[ASSIGNED TASK]:
Under this line are the records; repeat exactly the lines starting at the one containing "A hand opens" and ending at the one containing "Waves washing ashore", omitting pictures.

[EXERCISE MATERIAL]:
= Beginning of Section =
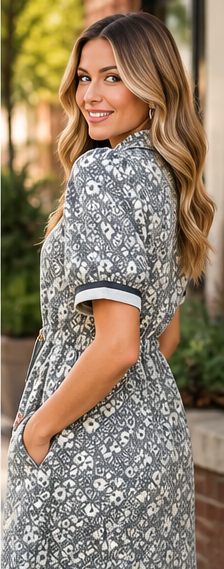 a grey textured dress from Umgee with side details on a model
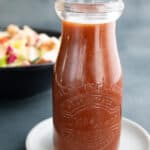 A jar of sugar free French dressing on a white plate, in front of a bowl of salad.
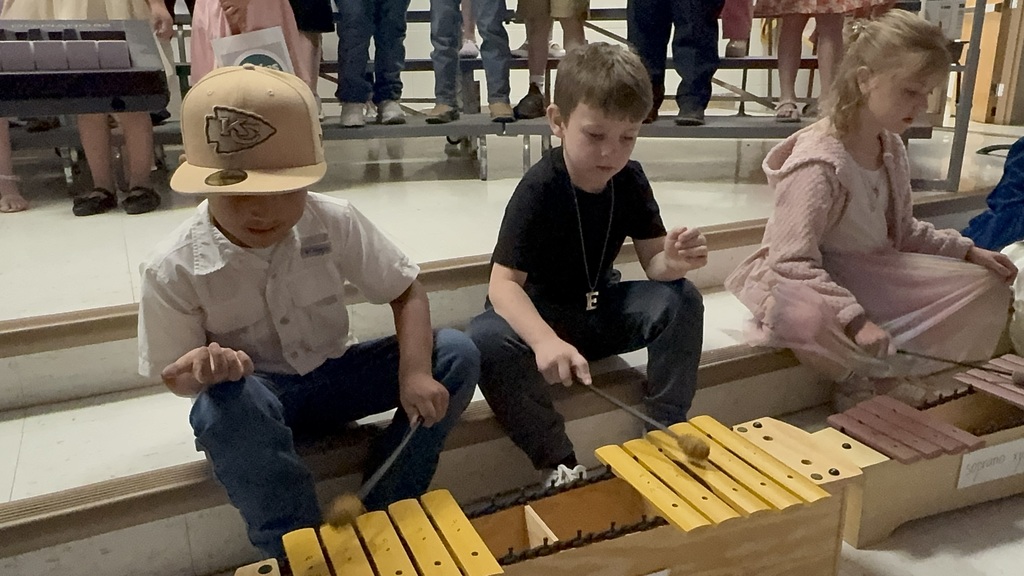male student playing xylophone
= End of Section =
= Beginning of Section =
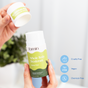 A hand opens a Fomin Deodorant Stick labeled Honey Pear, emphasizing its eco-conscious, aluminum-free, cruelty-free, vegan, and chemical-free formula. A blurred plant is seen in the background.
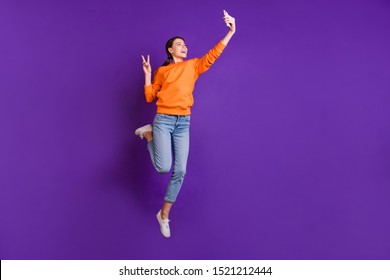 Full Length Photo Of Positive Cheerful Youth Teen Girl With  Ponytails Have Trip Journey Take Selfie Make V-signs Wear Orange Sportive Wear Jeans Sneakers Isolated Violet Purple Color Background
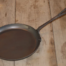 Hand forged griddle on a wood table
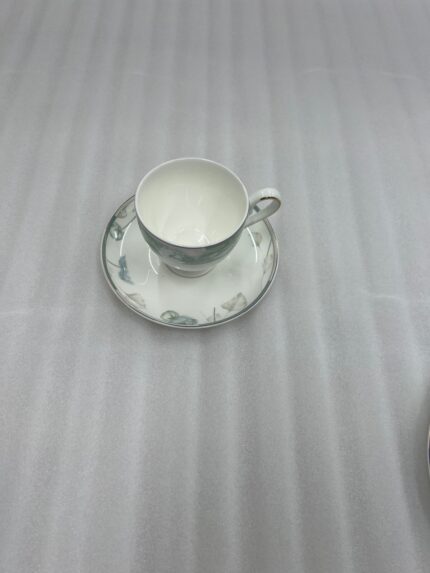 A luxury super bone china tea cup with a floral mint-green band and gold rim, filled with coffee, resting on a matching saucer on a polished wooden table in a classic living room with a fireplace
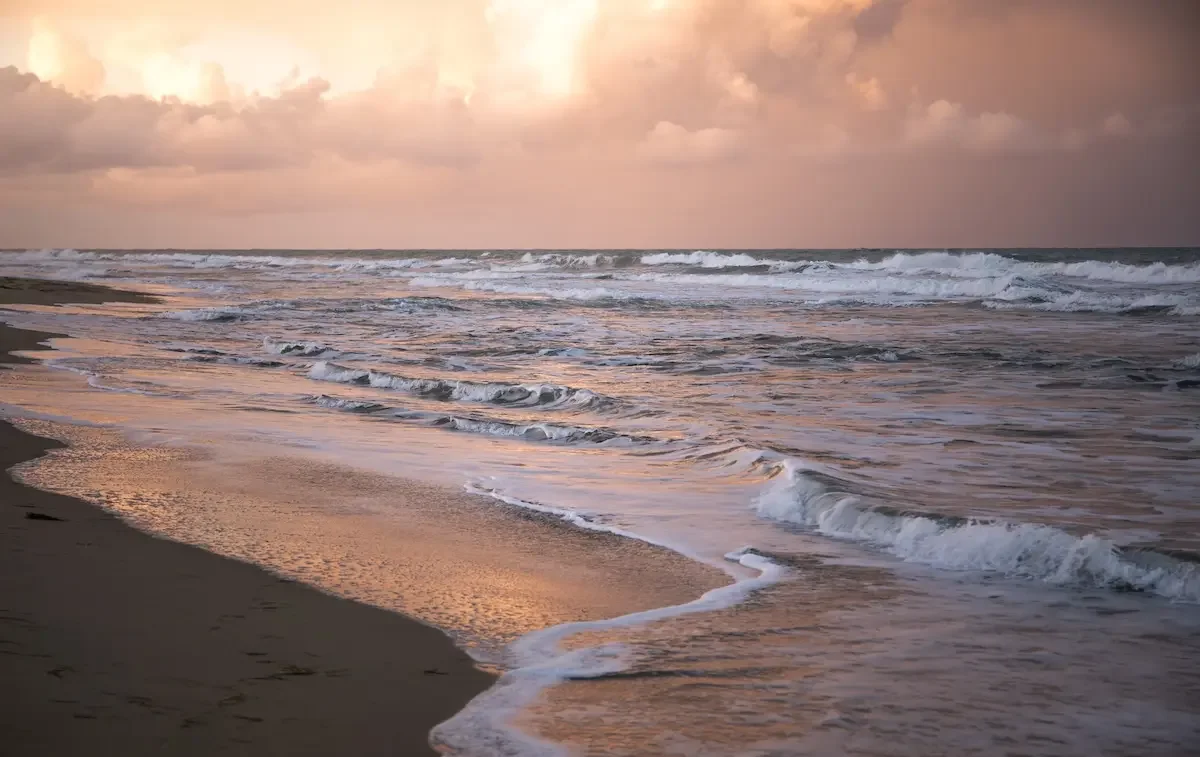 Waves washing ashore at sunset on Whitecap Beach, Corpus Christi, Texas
= End of Section =
= Beginning of Section =
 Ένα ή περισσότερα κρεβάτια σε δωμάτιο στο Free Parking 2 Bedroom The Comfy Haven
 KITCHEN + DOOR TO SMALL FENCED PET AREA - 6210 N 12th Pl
= End of Section =
[SOLUTION]:
 A hand opens a Fomin Deodorant Stick labeled Honey Pear, emphasizing its eco-conscious, aluminum-free, cruelty-free, vegan, and chemical-free formula. A blurred plant is seen in the background.
 Full Length Photo Of Positive Cheerful Youth Teen Girl With  Ponytails Have Trip Journey Take Selfie Make V-signs Wear Orange Sportive Wear Jeans Sneakers Isolated Violet Purple Color Background
 Hand forged griddle on a wood table
 A luxury super bone china tea cup with a floral mint-green band and gold rim, filled with coffee, resting on a matching saucer on a polished wooden table in a classic living room with a fireplace
 Waves washing ashore at sunset on Whitecap Beach, Corpus Christi, Texas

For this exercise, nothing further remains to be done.